Quote the data below in full, minus the images.

▶ [Dataset section]
# # # # #

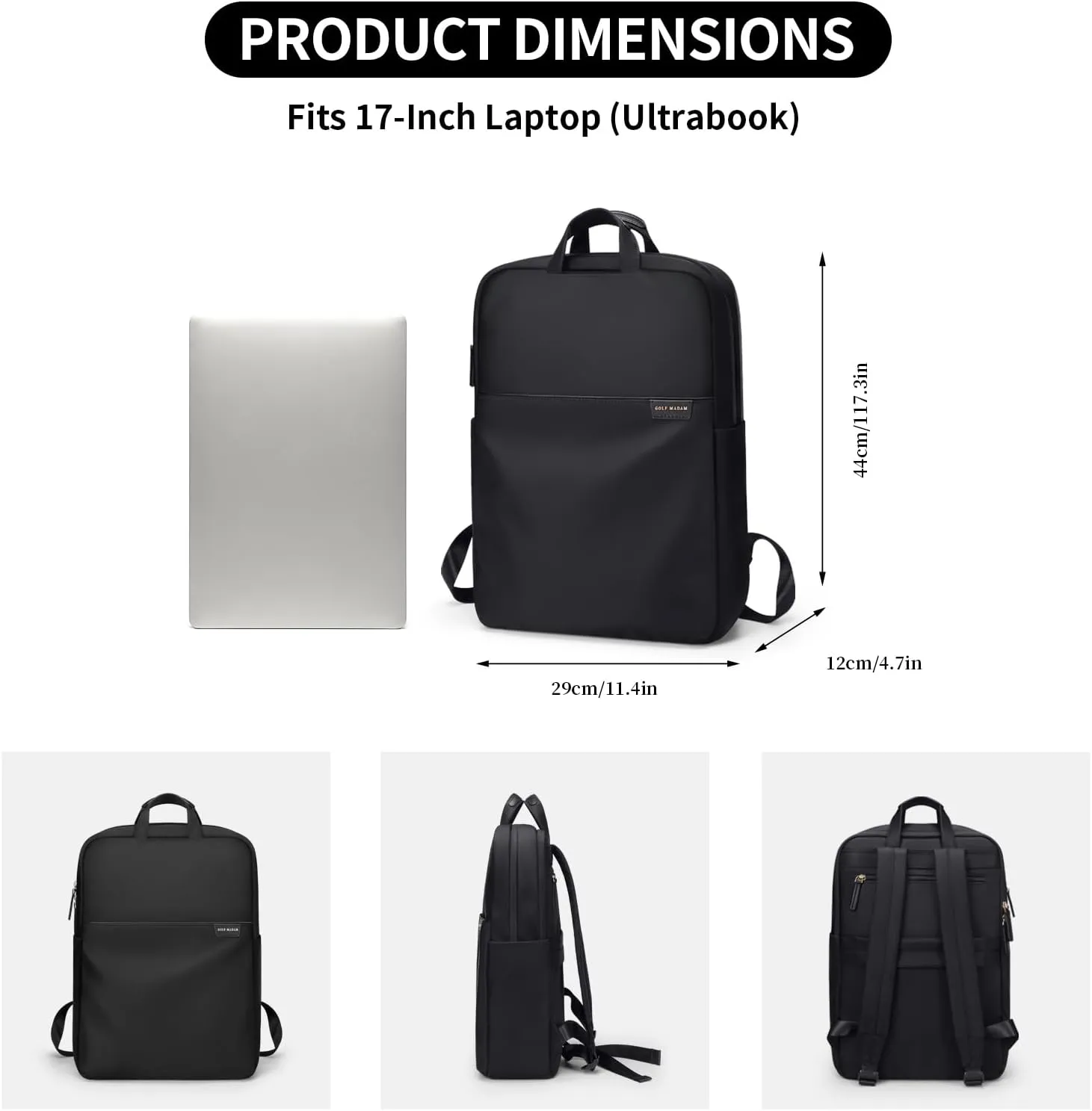 GOLF SUPAGS Travel Laptop Backpack for Women Anti Theft Slim Durable College Bookbag Business Computer Bag Fit 17Inch Notebook (Black, 17Inch)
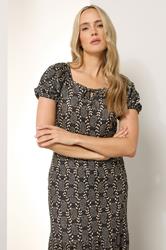 LTS Tall Black Geometric Tie Front Top | Long Tall Sally 1
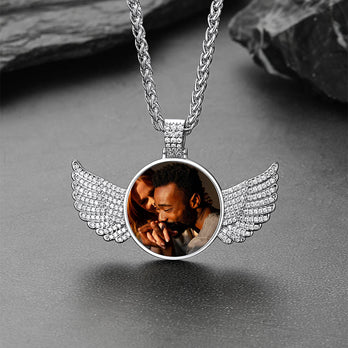 Custom CZ Wing Photo Picture Necklace with Calendar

# # # # #

▶ [Result below]
 GOLF SUPAGS Travel Laptop Backpack for Women Anti Theft Slim Durable College Bookbag Business Computer Bag Fit 17Inch Notebook (Black, 17Inch)
 LTS Tall Black Geometric Tie Front Top | Long Tall Sally 1
 Custom CZ Wing Photo Picture Necklace with Calendar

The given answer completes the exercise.